82 sixty-fifths + 91 sixty-fifths = 173 sixty-fifths:

\[\frac{82}{65} + \frac{91}{65} = \frac{173}{65} \ldotp \nonumber \]

We are really adding **amounts per child** not amounts, but the answers match the same way.

We can use the “Pies Per Child Model” to explain *why* adding fractions with like denominators works in this way.

Think about the addition problem \(\frac{2}{7} + \frac{3}{7}\):

\[\begin{split} \text{amount of pie each kids gets when 7 kids share 2 pies} & \\ +\; \text{amount of pie each kids gets when 7 kids share 3 pies} \\ \hline ????? \qquad \qquad \qquad \qquad & \end{split} \nonumber \]

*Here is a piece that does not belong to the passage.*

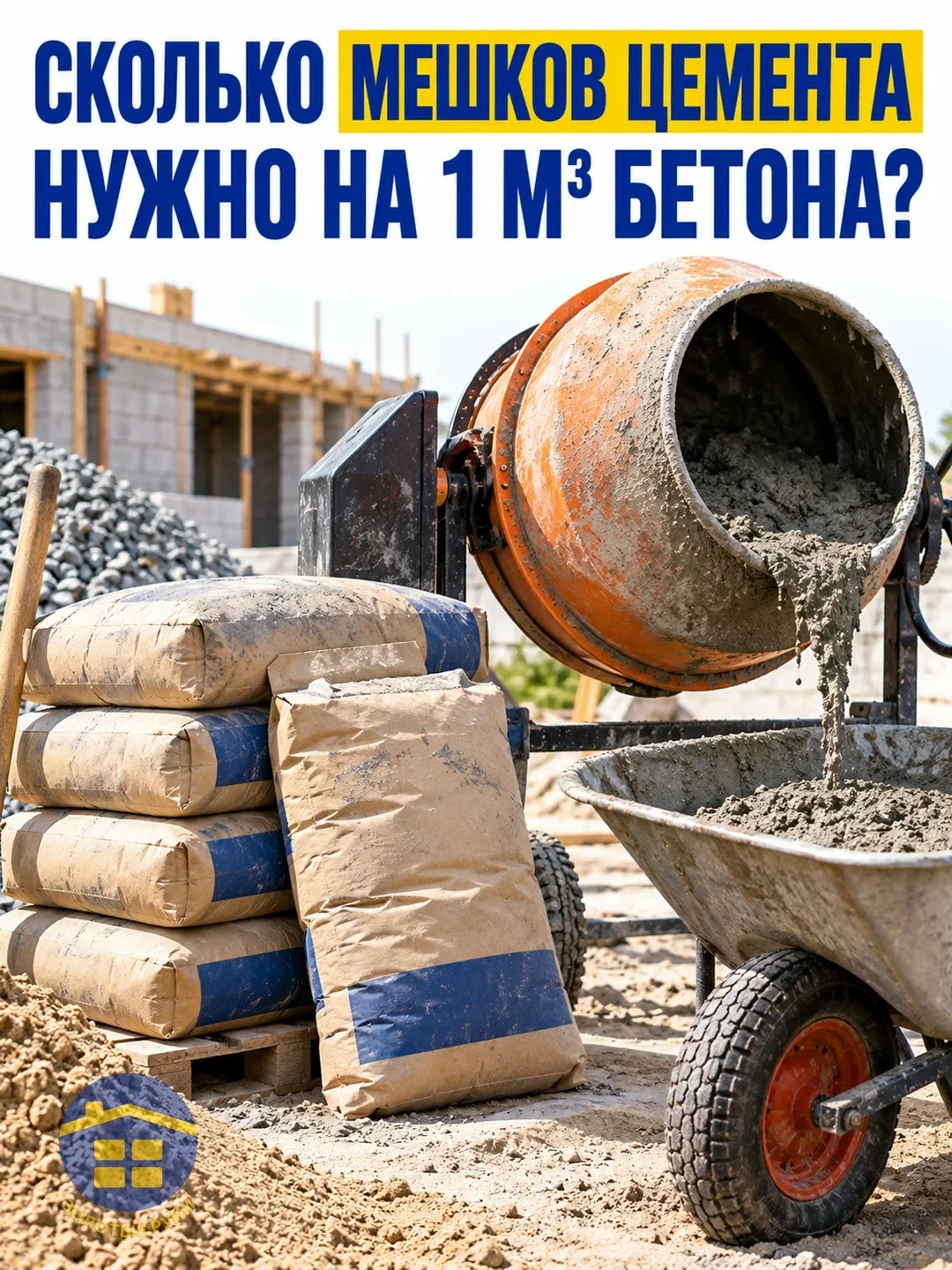 Сколько мешков цемента по 50 кг нужно на 1 м³ бетона? Здесь легко купить лишнее или обн...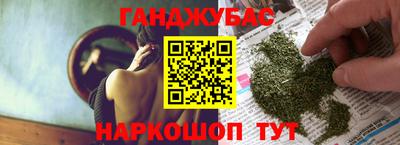 метамфетамин Кандалакша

Since in both cases we have 7 kids sharing the pies, we can imagine that it is the same 7 kids in both cases. First, they share 2 pies. Then they share 3 more pies. The total each child gets by the time all the pie-sharing is done is the same as if the 7 kids had just shared 5 pies to begin with. That is:

\[\begin{split} \text{amount of pie each kids gets when 7 kids share 2 pies} & \\ +\; \text{amount of pie each kids gets when 7 kids share 3 pies} \\ \hline \text{amount of pie each kids gets when 7 kids share 5 pies} \ldotp & \end{split} \nonumber \]

\[\frac{2}{7} + \frac{3}{7} = \frac{5}{7} \ldotp \nonumber \]

Now let us think about the general case. Our claim is that

\[\frac{a}{d} + \frac{b}{d} = \frac{a + b}{d} \ldotp \nonumber \]

Translating into our model, we have kids. First, they share pies between them, and \(\frac{a}{d}\) represents the amount each child gets. Then they share more pies, so the additional amount of pie each child gets is \(\frac{b}{d}\). The total each kid gets is \(\frac{a}{d} + \frac{b}{d}\).

But it does not really matter that the kids first share pies and then share pies. The amount each child gets is the same as if they had started with all of the pies — all \(a + b\) of them — and shared them equally. That amount of pie is represented by \(\frac{a + b}{d}\).

- How can you
*subtract*fractions with the same denominator? For example, what is $$\frac{400}{903} - \frac{170}{903} ?$$ - Use the “Pies Per Child” model to
*carefully explain why*$$\frac{a}{d} - \frac{b}{d} = \frac{a - b}{d} \ldotp$$ - Explain why the fact that the denominators are the same is
*essential*to this addition and subtraction method. Where is that fact used in the explanations?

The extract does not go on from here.